**DATA**
+--
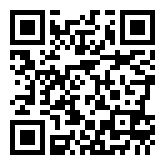 http://www.hoaujd.com/zi/445901.html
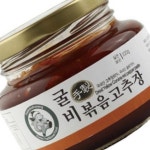 220g 굴비볶음고추장 템 인기상품 팔도보부상 : 엠에스엠투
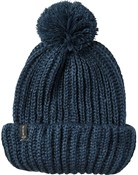 Fox Clothing Indio Beanie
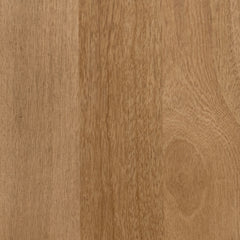Montengo Natural Maple End Table - Ornate Home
+--
**WORK TASK**
Write out the whole listing exactly. Do not include the pictures.

**EXERCISE SOLUTION**
 http://www.hoaujd.com/zi/445901.html
 220g 굴비볶음고추장 템 인기상품 팔도보부상 : 엠에스엠투
 Fox Clothing Indio Beanie
Montengo Natural Maple End Table - Ornate Home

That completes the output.